A kayak-rental company needs to replace many of its kayaks, and it wants to ensure it has enough kayaks to meet the demand from customers during the summer season. On average, it rents out 42 kayaks each day with a standard deviation of 4. The company has 45 kayaks. Use a calculator or spreadsheet program to find the probability that the company will have enough kayaks on any given day. Round the answer to the nearest tenth.
To find the probability that the company will have enough kayaks on any given day, we can use the Z-score formula:
Z = (X - μ) / σ
Where:
X = number of kayaks rented out each day = 42
μ = average number of kayaks rented out each day = 42
σ = standard deviation = 4
We can calculate the Z-score as follows:
Z = (42 - 42) / 4
Z = 0 / 4
Z = 0
Next, we can use a Z-table or a calculator to find the probability that Z is less than or equal to 0. The probability is 0.5000.

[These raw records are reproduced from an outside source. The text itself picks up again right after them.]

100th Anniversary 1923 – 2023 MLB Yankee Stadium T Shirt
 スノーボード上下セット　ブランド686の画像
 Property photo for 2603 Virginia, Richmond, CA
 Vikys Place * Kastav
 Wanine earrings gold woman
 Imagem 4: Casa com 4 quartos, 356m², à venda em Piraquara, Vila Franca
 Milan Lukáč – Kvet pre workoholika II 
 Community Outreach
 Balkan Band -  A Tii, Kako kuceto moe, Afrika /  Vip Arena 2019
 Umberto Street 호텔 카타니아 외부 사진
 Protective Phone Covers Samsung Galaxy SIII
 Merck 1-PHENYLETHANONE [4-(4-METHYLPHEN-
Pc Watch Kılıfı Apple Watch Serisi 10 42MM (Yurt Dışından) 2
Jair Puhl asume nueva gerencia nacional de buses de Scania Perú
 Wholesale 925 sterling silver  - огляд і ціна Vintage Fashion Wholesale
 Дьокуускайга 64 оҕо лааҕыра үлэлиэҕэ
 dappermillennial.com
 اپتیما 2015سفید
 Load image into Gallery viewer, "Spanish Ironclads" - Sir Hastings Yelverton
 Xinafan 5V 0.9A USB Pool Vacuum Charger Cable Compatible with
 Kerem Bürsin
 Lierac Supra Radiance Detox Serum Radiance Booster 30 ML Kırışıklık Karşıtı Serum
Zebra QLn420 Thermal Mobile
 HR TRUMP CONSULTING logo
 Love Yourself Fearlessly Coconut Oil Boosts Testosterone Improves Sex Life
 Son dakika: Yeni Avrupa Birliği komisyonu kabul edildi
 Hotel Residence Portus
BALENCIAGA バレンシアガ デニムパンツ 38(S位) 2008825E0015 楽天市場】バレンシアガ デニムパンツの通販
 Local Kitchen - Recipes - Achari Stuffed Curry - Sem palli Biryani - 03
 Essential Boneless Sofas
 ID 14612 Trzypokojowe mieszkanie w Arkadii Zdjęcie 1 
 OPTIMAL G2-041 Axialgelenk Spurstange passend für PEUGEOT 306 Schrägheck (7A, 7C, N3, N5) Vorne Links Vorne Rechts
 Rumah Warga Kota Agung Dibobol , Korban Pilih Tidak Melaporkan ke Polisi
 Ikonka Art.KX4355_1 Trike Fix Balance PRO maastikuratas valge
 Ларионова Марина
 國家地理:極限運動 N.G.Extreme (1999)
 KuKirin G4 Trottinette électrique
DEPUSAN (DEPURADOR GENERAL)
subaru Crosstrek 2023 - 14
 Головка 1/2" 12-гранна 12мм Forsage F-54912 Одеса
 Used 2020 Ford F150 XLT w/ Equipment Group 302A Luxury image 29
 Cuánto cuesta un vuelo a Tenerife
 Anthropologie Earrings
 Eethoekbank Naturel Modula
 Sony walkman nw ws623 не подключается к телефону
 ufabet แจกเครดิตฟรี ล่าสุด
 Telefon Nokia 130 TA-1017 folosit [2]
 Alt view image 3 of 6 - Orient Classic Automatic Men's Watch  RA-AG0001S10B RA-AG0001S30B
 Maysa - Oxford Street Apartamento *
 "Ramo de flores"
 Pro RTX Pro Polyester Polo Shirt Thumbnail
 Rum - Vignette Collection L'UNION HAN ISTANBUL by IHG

Therefore, the probability that the company will have enough kayaks on any given day is 0.5 or 50%.
is this right?
Apologies for the confusion in my previous response. Let's correct the calculation.
Given:
- X = number of kayaks rented out each day = 42
- μ = average number of kayaks rented out each day = 42
- σ = standard deviation = 4
- Total number of kayaks available = 45
We want to find the probability that the company will have enough kayaks on any given day, i.e., that they will not run out of kayaks.
To do this, we'll calculate the Z-score using the formula:
Z = (X - μ) / σ
Z = (42 - 42) / 4
Z = 0 / 4
Z = 0
Next, we need to find the probability of having enough kayaks available using the Z-score. For this, we'll find the probability that Z is greater than or equal to 0, as it represents the probability of having enough kayaks.
Using a Z-table or a calculator, you'll find that the probability is approximately 0.5 or 50%.
Therefore, the corrected probability that the company will have enough kayaks on any given day is indeed 0.5 or 50%.